What are critical loss points for food safety and quality in transitional food systems?
The critical loss points depend on the specific value chain and food commodity. For example, a lot of fresh produce may still be consumed fresh in transitional food systems. The wholesale markets with poor sanitation — such as the ones I observed during my Ph.D. fieldwork in South India — represent a critical loss point. Tomatoes were traded between farmers and wholesalers at markets that were crowded with people, livestock, trucks and other vehicles, and tomatoes spoiled, particularly during peak season. Crates of tomatoes were stacked on the dirt. Sometimes tomatoes would spill out onto the ground and be placed back into the crates. So I imagine the exposure to different food hazards was high.
With growing value chains, some of the fruits and vegetables are entering processing facilities, where there could be issues with certain food safety hazards, such as additives and adulterants. A really good example of how efforts to reduce physical loss and waste can actually generate a food safety issue is when grains are stored in some value chains in transitional food systems. To reduce physical food losses due to insect infestation, sometimes pesticides are used — adding a potential chemical food safety hazard. If we’re just measuring the physical food loss and waste, this might seem like a great intervention, but if we consider the qualitative aspects as well, we also ask about the trade-offs.

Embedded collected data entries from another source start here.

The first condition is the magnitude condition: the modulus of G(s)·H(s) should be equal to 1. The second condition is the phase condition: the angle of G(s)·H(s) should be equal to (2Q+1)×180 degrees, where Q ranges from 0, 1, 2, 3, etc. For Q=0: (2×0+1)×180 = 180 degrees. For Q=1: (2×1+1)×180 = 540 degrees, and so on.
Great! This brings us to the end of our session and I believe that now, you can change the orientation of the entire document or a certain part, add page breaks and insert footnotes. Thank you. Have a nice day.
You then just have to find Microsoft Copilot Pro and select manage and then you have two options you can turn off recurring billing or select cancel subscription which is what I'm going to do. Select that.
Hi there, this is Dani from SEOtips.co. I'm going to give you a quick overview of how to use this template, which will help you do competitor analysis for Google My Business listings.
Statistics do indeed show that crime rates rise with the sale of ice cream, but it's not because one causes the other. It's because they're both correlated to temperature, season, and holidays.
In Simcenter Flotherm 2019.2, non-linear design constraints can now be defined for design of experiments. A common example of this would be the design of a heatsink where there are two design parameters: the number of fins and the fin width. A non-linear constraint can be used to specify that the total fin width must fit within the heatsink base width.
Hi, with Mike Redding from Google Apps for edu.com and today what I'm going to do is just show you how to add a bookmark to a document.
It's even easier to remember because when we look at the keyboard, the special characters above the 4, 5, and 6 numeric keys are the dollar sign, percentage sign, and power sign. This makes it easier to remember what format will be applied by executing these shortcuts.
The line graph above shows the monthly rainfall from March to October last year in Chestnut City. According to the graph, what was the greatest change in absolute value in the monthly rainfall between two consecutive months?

What do you consider some of the most promising interventions that can help reduce both food quality loss and food safety loss?

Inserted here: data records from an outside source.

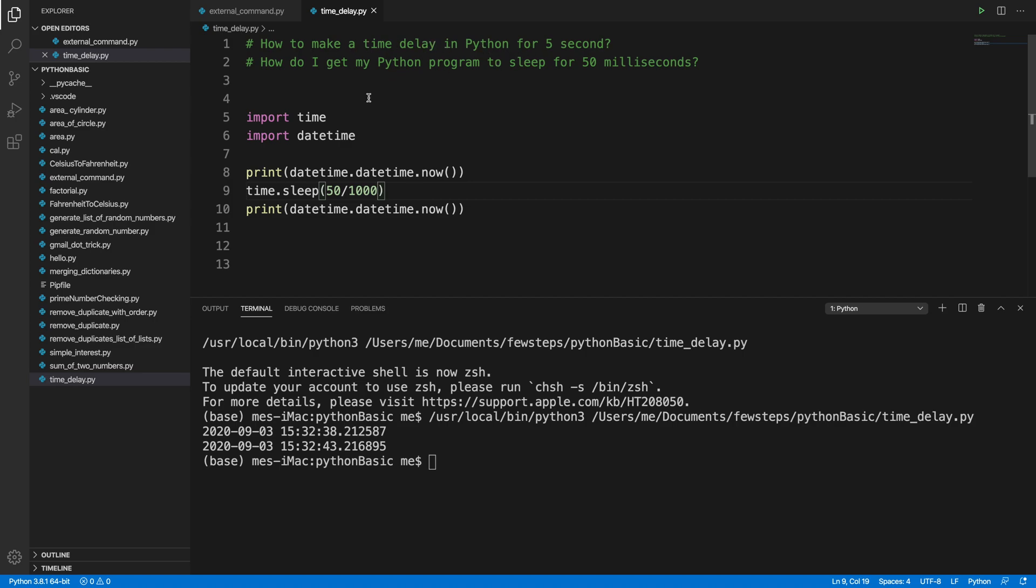That's all. In this way we can create a Python program to make a time delay in Python for five seconds or 50 seconds, something like that. If this video is helpful for you, please consider subscribing to our channel. Thank you for watching.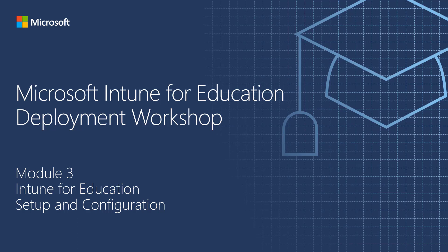Hello, welcome to the Microsoft Intune for Education Deployment Workshop. My name is Chris Kunze. I'm a Program Manager for the Intune for Education Product Group. This is Module 3, Intune for Education Setup and Configuration.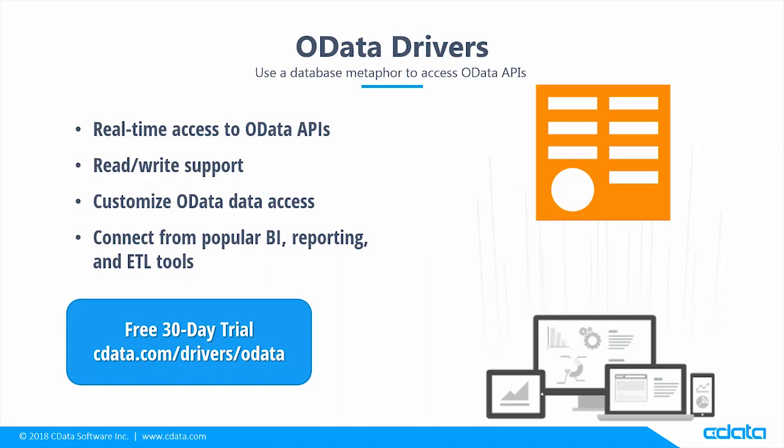If you have any questions, reach out to our support team by emailing support at cdata.com. Download a free trial of any of the OData drivers and see the cData difference for yourself.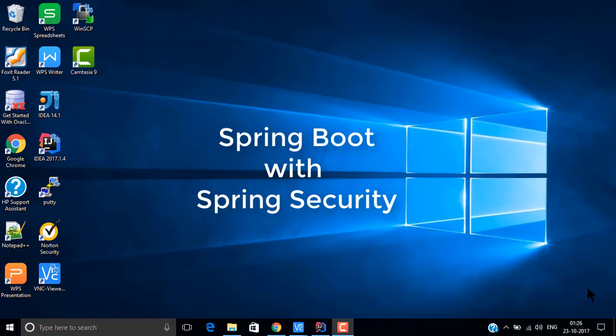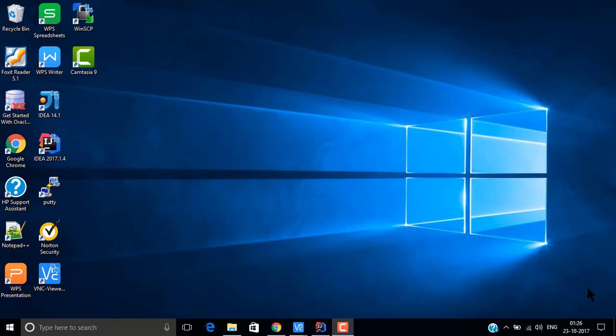Hi everyone, today we welcome you to our new tutorial. We will be covering how to integrate Spring Security with Spring Boot. As Spring Security has changed over time, just like other Spring features, you had to configure things in XML or write Java configuration. We have specified all those things in our tutorial and integrated them with our Spring Boot project. We will take the Spring Boot introductory project created earlier as a base and move on to creating the Spring Security project.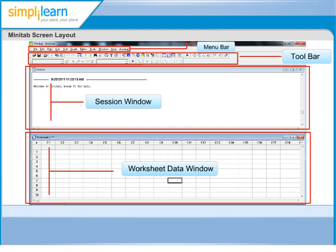Each menu in turn has many other commands in them, which can be accessed through the Menu Bar. There are multiple shortkeys that are also available within Minitab to access these commands.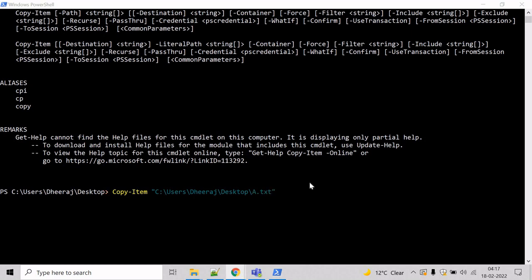Now, we have to mention the destination where we want the copy of the file. In our case a.txt. And to mention the destination, we will take help of destination parameter. So, type destination and give the path where you want the copy. And we want to copy inside testing folder.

Interventions are multifactorial and can start at different levels. Take targeting time and temperature abuses for perishable items, for example. That might require some sort of infrastructure to develop on the public side if there’s not sufficient electricity for storage or if road conditions make transportation take a long time. We are trying to identify what these critical points are across different types of value chains and what is needed from actors at different levels. We also know that as these systems are transitioning, private food safety standards usually emerge before or alongside public standards. An example of this would be a private company, such as a regional or global supermarket chain, implementing food safety and quality standards to build their reputation and develop consumer brand loyalty. This can create positive competition between brands and potentially improve local food safety environments when public standards are limited. However, there is the challenge to adapt food safety management systems that are designed and used in high-income countries to fit low- and middle-income country contexts.
In connecting food quality loss to physical food loss and waste in practice, a huge part is first identifying the food safety loss. Private or public standards or rules are needed to identify the threshold that says, OK, now this is a food safety concern. Then there are monitoring and action steps and how they are actually implemented to physically remove food from the system. What’s really challenging is when the food quality loss hasn’t been identified or the food hasn’t been removed from the system.
You are currently writing a book on this topic with Dr. Prabhu Pingali. What can we expect from it?
We’re hoping to have a first draft finished by early 2024. Our motivation is that there’s been a lot of interest in food loss and waste — broadly speaking, from environmental, socioeconomic and food security perspectives. We focus on food security, because there is an assumption that when you reduce physical food loss and waste, you improve food security, without really defining how that works throughout different food systems and value chains. We have to understand the problem of loss and waste reduction in certain contexts. How do we account for the structural transformation of economies? How do we account for these different types of food systems and the direction of these transformations in what is important for food loss and waste, both the quantitative and qualitative aspects? Our target audience is people doing both research and programming on food loss and waste and involved in policymaking. I hope we’ll get the conversation going on how to measure qualitative aspects of food loss and waste and how they indicate what types of policies or interventions would be best suited in different contexts.